A reason that Schindler gets, but many WEIRD Americans don’t: the religious nationalism angle. Russians see Ukraine as the cradle of Russian Orthodoxy. Russia dates its Christianity to the year 988, when Prince Vladimir, the ruler of Kievan Rus, accepted baptism. I cannot think of an analogy from American history, including American religious history, that can convey to American observers the emotional, psychological, and spiritual importance of Ukraine to Russians.

The religious part is bunkum because according to the Russian Orthodox Church, 2% (two) of Russians actually practice the Orthodox faith. Orthodoxy (or Christianity in general) was always a barely tolerated implant, which is why it was shed so gleefully and violently during the 1917 revolution. Post-Soviet countries are deeply irreligious.

However, the point about the deep emotional and psychological importance of Ukraine to Russians is spot-on. It’s an obsessive, intense fixation that goes beyond all reason and any practical considerations. To understand it, think about the liberals’ fixation on Trump. They hate him but they seem to have no identity without him. He’s their organizing principle. They can’t let him go, can’t relinquish their deep emotional attachment to him because without him, they don’t know who they are.

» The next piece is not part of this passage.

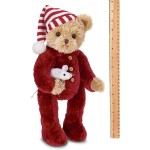 Plush Tissue Case Supplier - Wholesale Kawaii Cute Soft Cover Napkins Case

Many of us have had the disconcerting experience of talking to a leftist friend about something innocent and utterly unrelated to Trump when his eyes suddenly glaze over and he starts ranting about Trump. It’s like that with Russians and Ukraine. Happened to me many times.

“Hey, I thought we had at least a few of those frozen pancakes but I’m not finding any. I’m going to go buy some.”

“OK. Wait, though! Do you really think Ukraine benefited from gaining independence in 1991? Do you REALLY believe it?”

Yes, I do but what was it about frozen pancakes that brought on this wave of introspection about the Ukrainian independence?

“Look, the weather is beautiful. Want to go out for a stroll?”

“I don’t know! I keep thinking about how horrible Trump is. How can you go on walks and enjoy life like nothing happened?”

2 thoughts on “Monomaniacal

  1. “The religious part is bunkum because according to the Russian Orthodox Church, 2% (two) of Russians actually practice the Orthodox faith.”
    Can we distinguish between the practice of Russian Orthodoxy as a religion and as a culture? Is it possible that lots of Russians still care about the symbols and the history of Russian Orthodoxy even if they do not believe in its doctrines? For example, Christmas trees in this country are only incidentally about religion. I can imagine the possibility that many Russian atheists still associate the birth of Russian Orthodoxy in Kyiv as central to their identity as Russians. As an ignorant American, I am likely completely off base on this issue so I am asking. I come from a perspective where the line between traditional religion and post-disenchantment nationalism can be quite blurry on the ground.

    Liked by 1 person

    1. Stalin brought back the tree and the massive celebrations under the name “New Year’s tree.” It’s still New Year’s tree for us.

      It’s so so hard to go back to religion after several generations of atheism. I don’t think it’s even possible to go back collectively. It’s like expecting the ultra progressive NYC creative class to go back to Christianity. But it’s worse because with NYC liberals at least their grandparents or great-grandparents went to church. Or synagogue.